Kominers’s Conundrums: The Most Cryptic Piece of Art in Years

Have you heard about non-fungible tokens? They’re a new way to buy and sell art that exists exclusively in digital form. Last week, someone spent $6.6 million for a Beeple. For that price, you get a piece of video art with a cryptographic tracker that serves as incontrovertible proof that you own the genuine article, not a counterfeit copy. 

The Conundrums Auction House is eager to join the craze, but needs some help hunting down seven works by one of the crypto art world’s shining stars. The art itself is being stored in the open. Where exactly? That’s a bit unclear at the moment. We encrypted the pieces’ addresses for maximum safety, and then like so many crypto-asset owners, we forgot how to unlock them. Can you help figure it out?

The addresses are here:

l 05 o 55 c 10.29 A, +07 t 24 25.3 e;
05 T 14 32.27 h, E −08 a 12 R 05.9 t;
05 25 i 07.87, +06 20 N 59.0 s;
T 05 a 32 R 00.40 r, −00 y 17 N 56.7 i;
G 05 h 36 T 12.81 U, s −01 I 12 N 06.9 g;
05 R 40 45.52, A −01 56 D 33.3 E;
C 05 C 47 o 45.39, o −09 r 40 d 10.6 s.

Those look like Greek to us, to say the least. But they’re not as intimidating as they may seem at first glance! Solving this Conundrum is a bit like a treasure hunt: Once you figure out how to make use of one type of information in the addresses, that will give you a hint as to what you should do next.

After you crack the code and figure out the locations of the seven pieces, you’ll discover something really cool: They can be combined together to form a greater whole. The name of that larger work is this week’s answer.

And once you’ve identified the complete work, there’s an extra puzzle you can try to solve: In token-based art, the artist can make money while still remaining completely anonymous, kind of like an internet Banksy. But this piece actually contains a hidden signature. Can you figure out our crypto-artist’s name? (We had a mnemonic for remembering how to read the signature, but we kind of forgot that too. Maybe something about Norse roads, or horses and toads? It sounded something like that, anyhow.)

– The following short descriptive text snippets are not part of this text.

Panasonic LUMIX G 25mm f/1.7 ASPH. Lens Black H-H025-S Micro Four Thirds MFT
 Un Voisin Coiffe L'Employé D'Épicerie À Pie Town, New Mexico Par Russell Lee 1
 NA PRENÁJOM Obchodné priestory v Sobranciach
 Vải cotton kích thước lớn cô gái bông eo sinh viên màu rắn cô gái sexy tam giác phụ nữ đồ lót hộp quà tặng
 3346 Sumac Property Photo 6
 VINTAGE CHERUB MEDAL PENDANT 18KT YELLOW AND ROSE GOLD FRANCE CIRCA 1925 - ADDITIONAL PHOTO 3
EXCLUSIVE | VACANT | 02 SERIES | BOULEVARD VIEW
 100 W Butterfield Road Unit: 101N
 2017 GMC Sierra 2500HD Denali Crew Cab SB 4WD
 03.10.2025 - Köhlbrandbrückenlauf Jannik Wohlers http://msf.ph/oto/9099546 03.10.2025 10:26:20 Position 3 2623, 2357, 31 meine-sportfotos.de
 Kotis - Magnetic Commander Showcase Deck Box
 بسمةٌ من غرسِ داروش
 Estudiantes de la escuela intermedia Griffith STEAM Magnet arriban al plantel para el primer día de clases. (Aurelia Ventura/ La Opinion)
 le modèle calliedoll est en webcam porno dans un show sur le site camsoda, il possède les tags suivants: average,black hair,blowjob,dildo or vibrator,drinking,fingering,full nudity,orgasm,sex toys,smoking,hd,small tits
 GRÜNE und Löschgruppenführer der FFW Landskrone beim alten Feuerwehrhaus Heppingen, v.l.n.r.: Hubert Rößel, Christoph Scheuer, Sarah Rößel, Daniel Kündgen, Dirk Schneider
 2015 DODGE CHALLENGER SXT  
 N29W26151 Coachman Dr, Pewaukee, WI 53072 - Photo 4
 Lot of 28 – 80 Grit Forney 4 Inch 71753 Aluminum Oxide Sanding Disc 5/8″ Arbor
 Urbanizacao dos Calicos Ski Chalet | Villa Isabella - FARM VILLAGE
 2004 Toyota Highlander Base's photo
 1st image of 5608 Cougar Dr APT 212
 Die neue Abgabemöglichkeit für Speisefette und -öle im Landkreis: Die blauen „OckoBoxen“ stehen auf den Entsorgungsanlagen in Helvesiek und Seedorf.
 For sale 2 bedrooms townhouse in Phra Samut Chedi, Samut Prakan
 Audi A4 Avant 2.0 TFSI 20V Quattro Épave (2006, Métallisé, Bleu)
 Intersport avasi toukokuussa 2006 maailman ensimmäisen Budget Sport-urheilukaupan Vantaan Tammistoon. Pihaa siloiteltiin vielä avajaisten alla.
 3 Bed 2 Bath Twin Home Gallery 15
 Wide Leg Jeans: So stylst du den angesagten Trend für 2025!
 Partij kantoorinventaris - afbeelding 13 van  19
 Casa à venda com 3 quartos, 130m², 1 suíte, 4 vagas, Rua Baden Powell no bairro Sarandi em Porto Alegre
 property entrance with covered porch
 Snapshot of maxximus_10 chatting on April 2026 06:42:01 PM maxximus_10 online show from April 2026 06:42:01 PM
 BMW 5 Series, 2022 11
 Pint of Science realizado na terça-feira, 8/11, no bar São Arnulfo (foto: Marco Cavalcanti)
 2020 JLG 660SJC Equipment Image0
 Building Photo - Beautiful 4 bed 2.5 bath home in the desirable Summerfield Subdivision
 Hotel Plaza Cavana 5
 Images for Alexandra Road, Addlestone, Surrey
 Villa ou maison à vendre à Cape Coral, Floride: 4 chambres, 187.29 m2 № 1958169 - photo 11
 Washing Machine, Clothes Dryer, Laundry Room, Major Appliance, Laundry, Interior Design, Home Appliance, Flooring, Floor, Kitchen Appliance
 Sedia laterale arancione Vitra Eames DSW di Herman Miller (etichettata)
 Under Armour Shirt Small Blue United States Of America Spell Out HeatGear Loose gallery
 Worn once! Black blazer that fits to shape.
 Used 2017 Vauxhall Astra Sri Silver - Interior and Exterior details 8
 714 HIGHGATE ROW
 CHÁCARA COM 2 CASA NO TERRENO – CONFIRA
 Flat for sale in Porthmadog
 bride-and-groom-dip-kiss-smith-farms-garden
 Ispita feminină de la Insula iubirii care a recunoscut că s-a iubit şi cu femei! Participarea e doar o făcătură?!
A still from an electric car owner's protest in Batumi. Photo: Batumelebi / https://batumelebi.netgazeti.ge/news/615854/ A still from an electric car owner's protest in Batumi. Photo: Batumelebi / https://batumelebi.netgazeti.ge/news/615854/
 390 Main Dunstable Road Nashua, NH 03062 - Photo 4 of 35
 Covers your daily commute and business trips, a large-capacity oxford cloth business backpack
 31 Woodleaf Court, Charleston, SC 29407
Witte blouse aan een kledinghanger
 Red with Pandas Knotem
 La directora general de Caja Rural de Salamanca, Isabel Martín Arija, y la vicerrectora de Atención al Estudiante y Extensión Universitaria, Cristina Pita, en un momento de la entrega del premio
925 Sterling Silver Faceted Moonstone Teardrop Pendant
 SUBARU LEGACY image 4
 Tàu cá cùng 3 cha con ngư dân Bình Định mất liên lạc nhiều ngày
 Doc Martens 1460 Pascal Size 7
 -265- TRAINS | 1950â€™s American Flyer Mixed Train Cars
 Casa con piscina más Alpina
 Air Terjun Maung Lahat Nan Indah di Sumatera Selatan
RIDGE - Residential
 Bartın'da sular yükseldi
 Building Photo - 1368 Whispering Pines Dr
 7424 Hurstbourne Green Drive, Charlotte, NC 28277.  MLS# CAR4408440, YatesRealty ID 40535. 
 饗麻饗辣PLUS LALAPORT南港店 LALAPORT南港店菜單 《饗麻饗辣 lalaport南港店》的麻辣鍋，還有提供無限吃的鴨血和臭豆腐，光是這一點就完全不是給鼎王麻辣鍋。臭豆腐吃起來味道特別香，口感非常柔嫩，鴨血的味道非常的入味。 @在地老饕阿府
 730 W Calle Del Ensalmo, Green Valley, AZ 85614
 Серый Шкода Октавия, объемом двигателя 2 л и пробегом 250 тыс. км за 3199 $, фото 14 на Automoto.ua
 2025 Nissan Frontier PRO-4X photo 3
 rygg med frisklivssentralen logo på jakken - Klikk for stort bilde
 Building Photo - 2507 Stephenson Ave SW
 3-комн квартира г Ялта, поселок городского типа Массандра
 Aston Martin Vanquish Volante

That’s the long and the short of it — now give it a try!

If you manage to tap your galaxy brain to hunt down the artwork — or if you even make partial progress — please let us know at skpuzzles@bloomberg.net before midnight New York time on Thursday, March 11.

If you get stuck, there’ll be hints announced on Twitter and in Bloomberg Opinion Today. To be counted in the solver list, please include your name with your answer.

Programming note: Conundrums is off next week; the next edition will run on March 14.

Previously in Kominers’s Conundrums…

We heard from a chorus of Martians who were excited about NASA’s Perseverance rover but didn’t quite find the right words. The Conundrum presented 14 lines of Martian messaging transcribed by Jiafeng Chen, Suproteem Sarkar and Franklyn Wang; solvers sought to sort out what the Martians were saying.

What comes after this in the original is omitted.